== Segment start ==

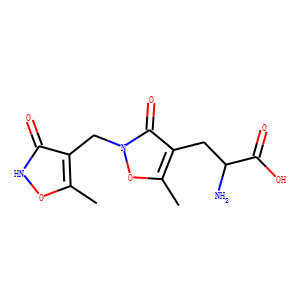 alpha-amino-2-(3-hydroxy-5-methyl-4-isoxazolyl)methyl-5-methyl-3-oxo-4-isoxazoline-4-propionic acid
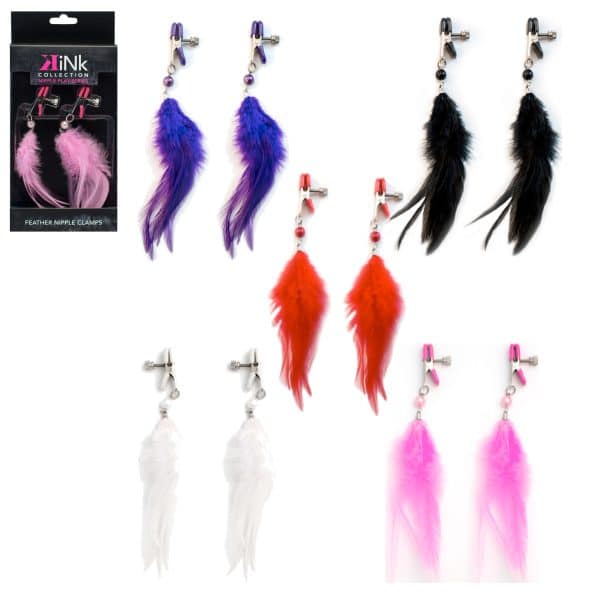 Feather Nipple Clamps - Pinces à Mamelons avec Plumes - Kink Collection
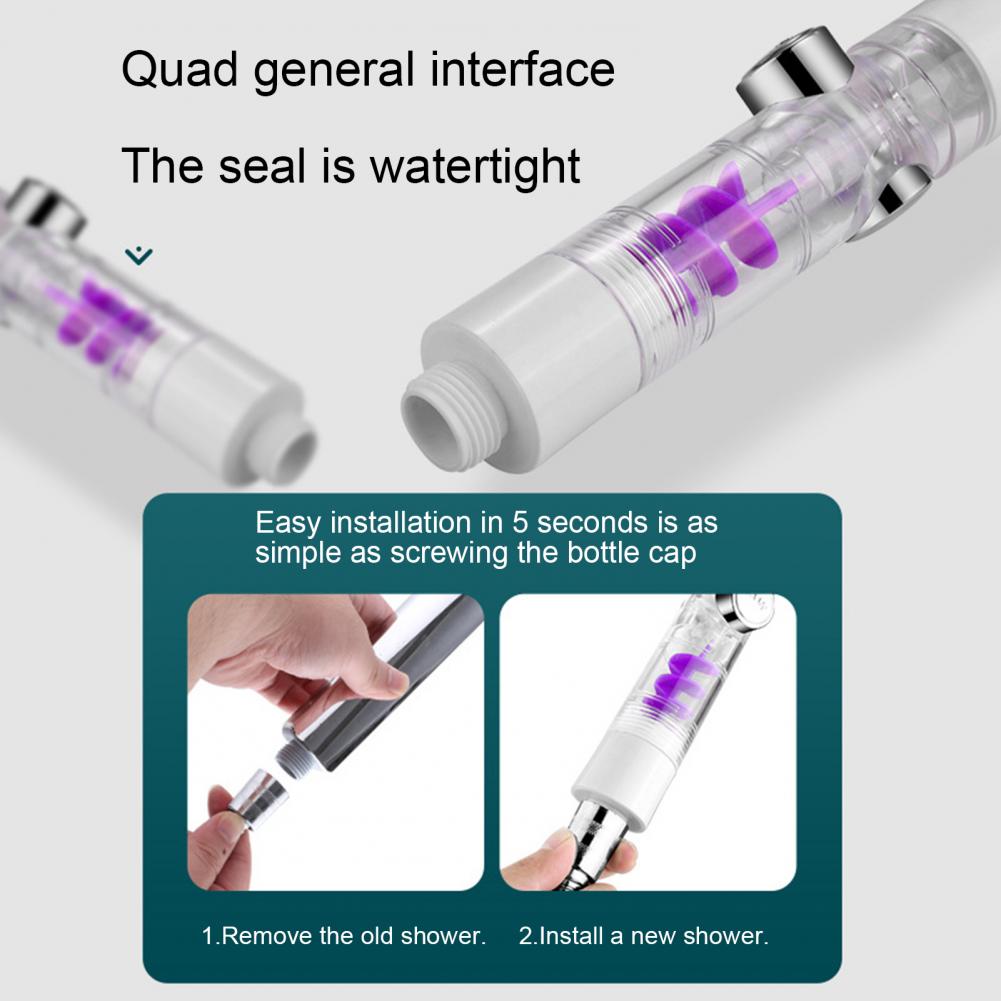 3 Mode Turbo Shower Head Adjustable Jetting Rainfall Pressurized Shower Head High Pressure Water Saving Showerhead for Bathroom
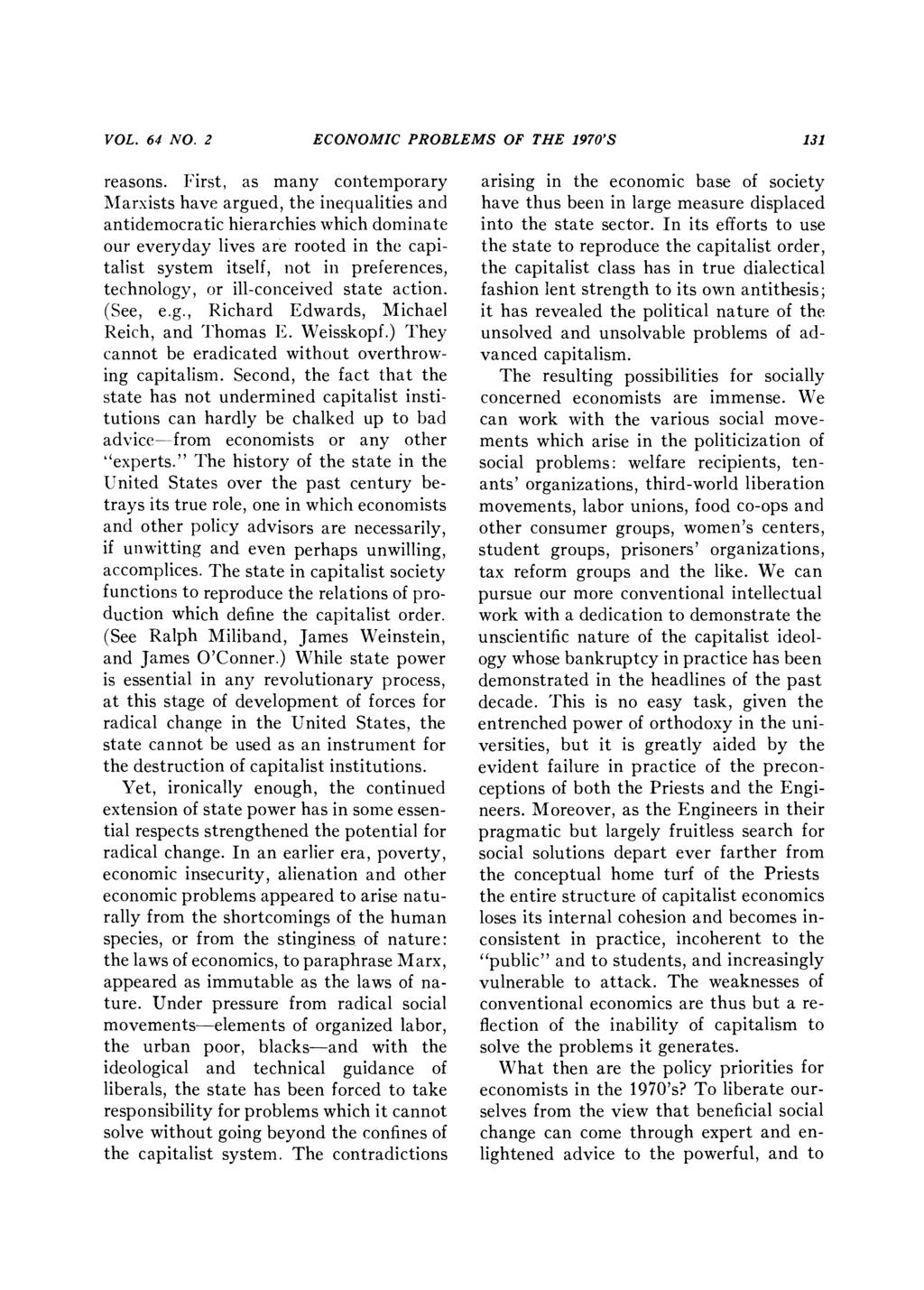 VOL. 64 NO. 2 ECONOMIC PROBLEMS OF THE 1970'S 131 reasons.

== Segment end ==

> _Work order_:
The required answer is an exact copy of the lines from the one containing "Feather Nipple Clamps" through the last line of the material, with the pictures removed.

> _Result for this task_:
 Feather Nipple Clamps - Pinces à Mamelons avec Plumes - Kink Collection
 3 Mode Turbo Shower Head Adjustable Jetting Rainfall Pressurized Shower Head High Pressure Water Saving Showerhead for Bathroom
 VOL. 64 NO. 2 ECONOMIC PROBLEMS OF THE 1970'S 131 reasons.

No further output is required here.